The U.S. Marine Corps has trained and qualified more than 50 Marine F-35B pilots and certified about 500 maintenance personnel to assume autonomous, organic-level maintenance support for the F-35B.
VMFA-121’s transition will be followed by Marine Attack Squadron 211 (VMA-211), an AV-8B squadron, which is scheduled to transition next to the F-35B in fiscal year 2016. In 2018, Marine Fighter Attack Squadron 122 (VMFA-122), an F-18 Hornet squadron, will conduct its transition.

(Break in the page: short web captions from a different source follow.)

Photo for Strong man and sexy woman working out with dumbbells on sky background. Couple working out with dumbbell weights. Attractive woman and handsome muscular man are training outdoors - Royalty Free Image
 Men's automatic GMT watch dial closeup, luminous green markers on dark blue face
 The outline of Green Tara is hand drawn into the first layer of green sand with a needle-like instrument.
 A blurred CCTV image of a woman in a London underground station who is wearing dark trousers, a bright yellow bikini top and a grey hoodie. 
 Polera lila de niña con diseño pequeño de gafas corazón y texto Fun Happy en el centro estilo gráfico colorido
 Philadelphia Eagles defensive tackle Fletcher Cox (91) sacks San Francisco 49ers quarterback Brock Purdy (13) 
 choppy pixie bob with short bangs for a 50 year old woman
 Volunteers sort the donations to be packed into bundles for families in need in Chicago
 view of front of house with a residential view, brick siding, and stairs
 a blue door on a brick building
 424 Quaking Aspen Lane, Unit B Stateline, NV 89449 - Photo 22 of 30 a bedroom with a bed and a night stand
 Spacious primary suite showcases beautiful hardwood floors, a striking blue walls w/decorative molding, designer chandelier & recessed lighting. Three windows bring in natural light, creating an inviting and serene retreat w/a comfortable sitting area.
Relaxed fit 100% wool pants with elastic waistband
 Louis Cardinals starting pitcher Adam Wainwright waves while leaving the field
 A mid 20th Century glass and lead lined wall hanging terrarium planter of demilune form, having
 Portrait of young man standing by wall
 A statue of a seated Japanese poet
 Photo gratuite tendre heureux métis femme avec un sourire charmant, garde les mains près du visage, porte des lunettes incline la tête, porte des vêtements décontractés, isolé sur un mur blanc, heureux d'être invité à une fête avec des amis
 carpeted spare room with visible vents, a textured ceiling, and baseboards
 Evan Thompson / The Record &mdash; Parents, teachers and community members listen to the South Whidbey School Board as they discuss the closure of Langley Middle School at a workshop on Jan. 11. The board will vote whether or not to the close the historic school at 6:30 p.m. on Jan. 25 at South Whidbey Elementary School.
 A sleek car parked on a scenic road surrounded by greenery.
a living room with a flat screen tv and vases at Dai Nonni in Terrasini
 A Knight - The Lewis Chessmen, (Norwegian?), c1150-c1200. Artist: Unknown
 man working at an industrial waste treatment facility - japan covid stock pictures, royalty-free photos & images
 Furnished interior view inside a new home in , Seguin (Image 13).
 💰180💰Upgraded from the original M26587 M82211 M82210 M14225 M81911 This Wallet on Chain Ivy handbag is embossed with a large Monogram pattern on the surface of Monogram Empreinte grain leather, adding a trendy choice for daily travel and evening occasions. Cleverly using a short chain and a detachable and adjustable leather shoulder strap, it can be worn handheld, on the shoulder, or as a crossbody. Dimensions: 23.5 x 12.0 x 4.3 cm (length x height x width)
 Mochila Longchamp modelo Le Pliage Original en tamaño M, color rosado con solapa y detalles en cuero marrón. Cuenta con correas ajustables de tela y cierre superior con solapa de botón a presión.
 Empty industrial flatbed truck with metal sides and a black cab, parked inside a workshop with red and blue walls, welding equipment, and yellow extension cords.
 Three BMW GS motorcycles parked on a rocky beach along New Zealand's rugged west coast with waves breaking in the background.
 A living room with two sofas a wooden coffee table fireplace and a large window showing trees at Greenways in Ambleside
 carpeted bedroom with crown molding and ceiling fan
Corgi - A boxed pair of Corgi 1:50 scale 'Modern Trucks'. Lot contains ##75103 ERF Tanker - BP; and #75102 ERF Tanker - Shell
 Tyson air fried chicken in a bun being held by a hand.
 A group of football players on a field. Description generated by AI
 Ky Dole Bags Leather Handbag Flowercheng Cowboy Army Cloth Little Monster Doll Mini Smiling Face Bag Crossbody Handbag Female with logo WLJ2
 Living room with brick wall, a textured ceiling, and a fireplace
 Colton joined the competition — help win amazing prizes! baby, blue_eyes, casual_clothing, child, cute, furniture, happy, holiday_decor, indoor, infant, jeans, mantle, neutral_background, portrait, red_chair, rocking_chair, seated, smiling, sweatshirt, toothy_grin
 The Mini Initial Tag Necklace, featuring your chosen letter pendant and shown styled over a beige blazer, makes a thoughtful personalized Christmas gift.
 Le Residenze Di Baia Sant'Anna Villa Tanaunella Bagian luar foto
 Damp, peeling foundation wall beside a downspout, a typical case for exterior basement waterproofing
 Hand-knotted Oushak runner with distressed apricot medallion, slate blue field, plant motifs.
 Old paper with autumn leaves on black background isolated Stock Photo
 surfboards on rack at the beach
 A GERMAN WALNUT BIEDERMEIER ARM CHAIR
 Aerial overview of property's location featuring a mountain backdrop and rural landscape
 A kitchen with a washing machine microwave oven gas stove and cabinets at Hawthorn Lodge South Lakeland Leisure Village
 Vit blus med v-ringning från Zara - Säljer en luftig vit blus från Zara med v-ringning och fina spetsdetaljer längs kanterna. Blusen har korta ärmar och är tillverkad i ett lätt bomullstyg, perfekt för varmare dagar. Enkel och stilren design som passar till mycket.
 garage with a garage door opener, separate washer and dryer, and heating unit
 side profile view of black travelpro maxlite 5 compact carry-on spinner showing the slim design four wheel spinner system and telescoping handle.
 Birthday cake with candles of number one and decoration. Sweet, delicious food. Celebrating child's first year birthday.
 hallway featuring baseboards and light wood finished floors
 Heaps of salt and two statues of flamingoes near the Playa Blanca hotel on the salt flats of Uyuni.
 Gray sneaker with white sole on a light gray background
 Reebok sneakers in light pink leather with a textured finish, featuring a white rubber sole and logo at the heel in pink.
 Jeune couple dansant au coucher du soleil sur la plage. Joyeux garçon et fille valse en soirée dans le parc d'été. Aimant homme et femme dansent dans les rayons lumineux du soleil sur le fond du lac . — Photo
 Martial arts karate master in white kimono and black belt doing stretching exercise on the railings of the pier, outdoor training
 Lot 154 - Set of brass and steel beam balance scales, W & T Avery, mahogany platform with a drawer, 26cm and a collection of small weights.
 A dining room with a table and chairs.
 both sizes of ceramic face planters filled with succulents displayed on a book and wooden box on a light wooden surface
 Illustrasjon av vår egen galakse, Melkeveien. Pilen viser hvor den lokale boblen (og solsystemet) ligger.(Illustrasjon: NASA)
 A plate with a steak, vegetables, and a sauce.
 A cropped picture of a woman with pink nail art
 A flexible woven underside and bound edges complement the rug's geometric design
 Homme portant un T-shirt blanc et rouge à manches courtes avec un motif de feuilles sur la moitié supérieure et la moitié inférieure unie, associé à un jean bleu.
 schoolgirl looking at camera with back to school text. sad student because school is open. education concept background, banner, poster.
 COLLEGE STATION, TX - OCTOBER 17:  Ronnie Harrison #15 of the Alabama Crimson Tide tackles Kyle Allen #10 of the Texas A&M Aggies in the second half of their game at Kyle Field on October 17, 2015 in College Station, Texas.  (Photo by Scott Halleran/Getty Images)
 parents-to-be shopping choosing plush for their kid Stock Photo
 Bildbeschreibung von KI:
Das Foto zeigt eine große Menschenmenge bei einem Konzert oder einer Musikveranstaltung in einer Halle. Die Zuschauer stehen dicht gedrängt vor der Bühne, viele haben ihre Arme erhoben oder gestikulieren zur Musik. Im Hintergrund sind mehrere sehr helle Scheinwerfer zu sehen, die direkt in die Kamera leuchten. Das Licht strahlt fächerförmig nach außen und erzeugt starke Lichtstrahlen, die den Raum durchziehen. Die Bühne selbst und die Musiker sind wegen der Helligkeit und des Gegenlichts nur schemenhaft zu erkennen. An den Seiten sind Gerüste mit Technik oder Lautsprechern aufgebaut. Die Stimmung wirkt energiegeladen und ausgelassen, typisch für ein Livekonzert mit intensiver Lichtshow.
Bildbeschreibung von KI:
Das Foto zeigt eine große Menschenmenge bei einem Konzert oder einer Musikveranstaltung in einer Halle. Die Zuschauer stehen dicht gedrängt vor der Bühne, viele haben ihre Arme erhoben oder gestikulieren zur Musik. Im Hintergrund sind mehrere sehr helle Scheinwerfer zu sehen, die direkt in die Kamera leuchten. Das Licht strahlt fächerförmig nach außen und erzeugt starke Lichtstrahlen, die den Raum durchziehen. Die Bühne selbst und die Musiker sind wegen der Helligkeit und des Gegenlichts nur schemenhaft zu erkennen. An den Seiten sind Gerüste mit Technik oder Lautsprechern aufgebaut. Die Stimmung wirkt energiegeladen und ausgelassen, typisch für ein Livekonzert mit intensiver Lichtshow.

The following can be attributed to Lt. Gen. Jon Davis, Deputy Commandant for Aviation:
“The performance of the VMFA-121 during the ORI in all evaluated maintenance, flight operations, and exams was exceptional. The squadron’s aircraft performed well in all five IOC operational scenarios: Close Air Support, Air Interdiction, Armed Reconnaissance, Offensive Counter Air and Defensive Counter Air. This included live ordnance deliveries. The demonstrated capability of the squadron in the ORI, and in their run up to it, have given me the confidence that they meet our IOC criteria and, if required, could respond to a contingency, giving our nation its first sea-based 5th generation strike fighter capability. As such, the Commandant of the Marine Corps has decided to declare VMFA-121 initial operationally capable.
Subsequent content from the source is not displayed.